Dan rencananya pun tidak
muluk-muluk. Sebab itu pengalaman pertama, dan tidak ada sanak saudara di
tempat tujuan, ia berencana untuk menumpang nginap di masjid mana saja selama
berada di sana. Asal bisa numpang tidur!
Mungkin demikian prinsipnya. Namun selanjutnya, saudara kawan saya itu
menawarkan rumahnya untuk ditempati olehnya. Dan pertemuan itu pun berlangsung.
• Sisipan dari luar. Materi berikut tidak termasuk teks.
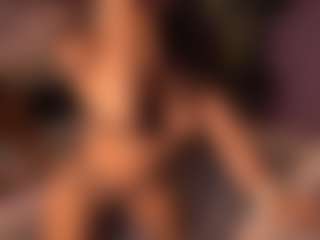 Izzy Wild's Live Sex Cam Show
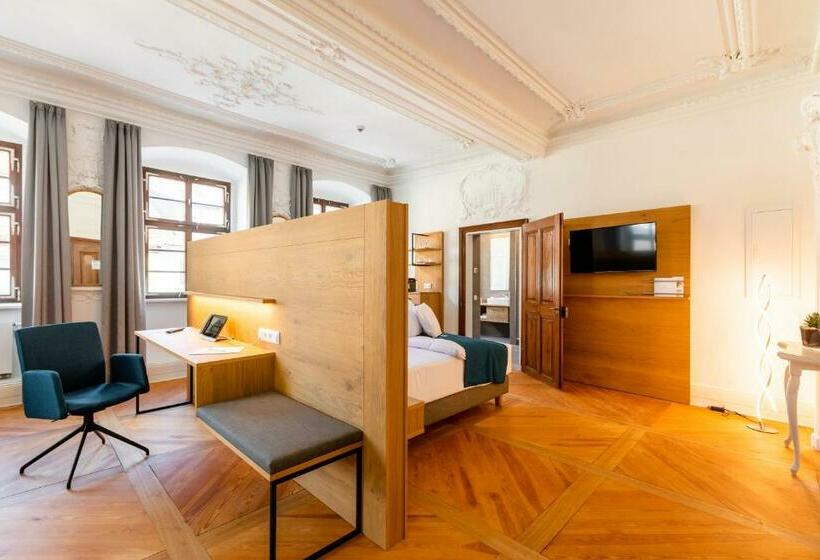 Номер Стандарт, Schwan Und Post Business Quarters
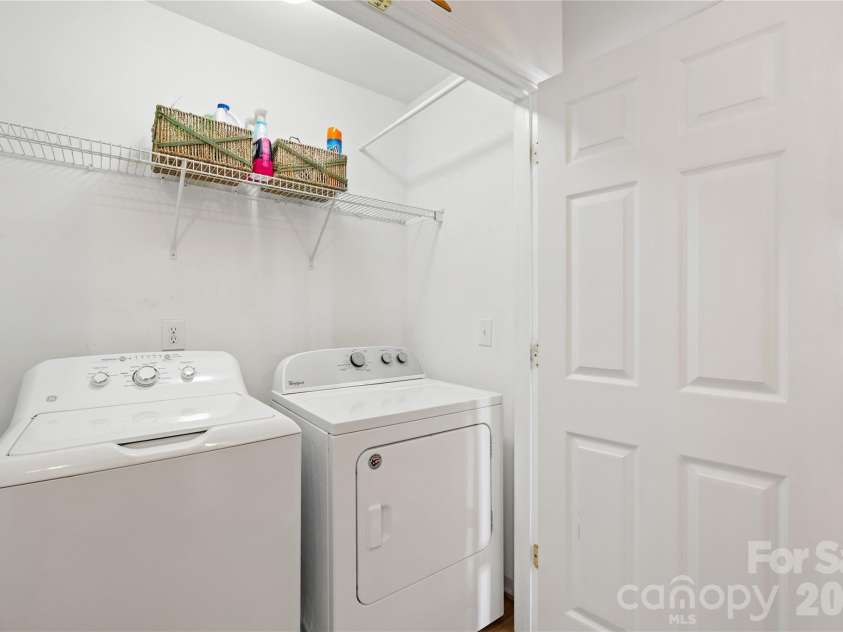 109 Plainview Court, Mooresville, NC 28115.  MLS# CAR4338058, YatesRealty ID 6100. 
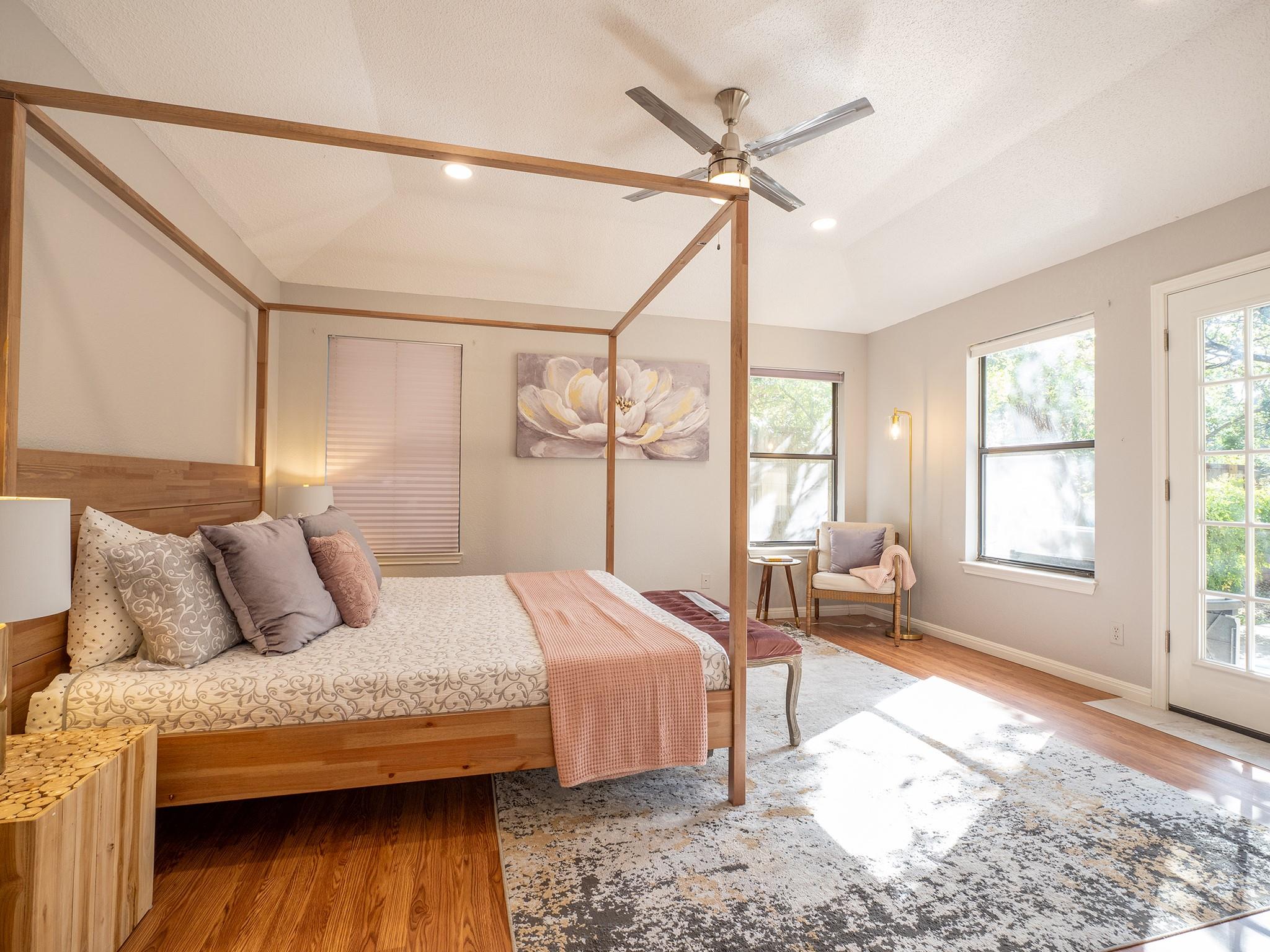 8906 Scotsman Dr, Austin, TX 78750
Sebagai seseorang yang tidak banyak bicara, bisa bayangkan betapa tegangnya ia
menghadapi calon mertua. Konon sebelum-sebelumnya, dia sudah berlatih untuk
momentum penting itu, namun hasilnya selalu gagal total. Namun ia maju saja. Tidak ada pilihan lain / kita harus berjalan
terus / sebab berhenti atau mundur berarti hancur. Mungkin ia menginsyafi
kalimat dalam puisi Taufik Ismail itu.
Dan alhamdulillah,
pertemuan itu lumayan sukes. Jadwal pertemuan selanjutnya telah ditetapkan,
dengan agenda menghadirkan orang tuanya. Artinya, ia sudah dapat lampu hijau
untuk datang melamar. Well done!
Namun tentu tak seru jika
ceritanya sampai di sini saja. Sudah kukatakan kepadamu, duhai sidang pembaca,
bahwa kisah ini akan mengandung kadar drama yang intens. Dan saat nama bulan
yang dijanjikan sebagai saat untuk mengkhitbah itu telah menari-nari dengan
indah di kepala keduanya, ternyata Allah berkehendak lain. Layaknya cerita
novel yang selalu bertabur kejutan, tokoh lain kemudian muncul untuk turut
menyemarakkan jalan cerita. Mereka adalah orang-orang yang sejatinya telah
mendengar kabar perihal anak gadis yang sudah bakal dilamar orang, namun mereka
menutup mata dari kabar itu. Mungkin mereka berprinsip; selama janur kuning belum melengkung, berarti masih milik bersama! Alamak!
Dan mereka pun menemui
orangtua kawan saya itu. Memperkenalkan sosok yang sebenarnya sudah sangat
dikenal oleh dua orang tua itu. Sosok yang sudah mereka sangat tahu
kredibilitasnya sejak masa kecilnya. Bocah kecil yang santun dengan traderecord idaman-para-mertua yang kini
telah bertransformasi menjadi pemuda yang tak sembarangan. Sebenarnya, lelaki
pertama tadi tidak juga kalah-kalah amat. Sayangnya, ia tidak punya sesuatu
yang dimiliki oleh pemuda kedua ini. Sesuatu yang bahkan meski ia cari dan ia
usahakan, tetap tak dapat ia miliki. Itulah, identitas kesukuan yang sama.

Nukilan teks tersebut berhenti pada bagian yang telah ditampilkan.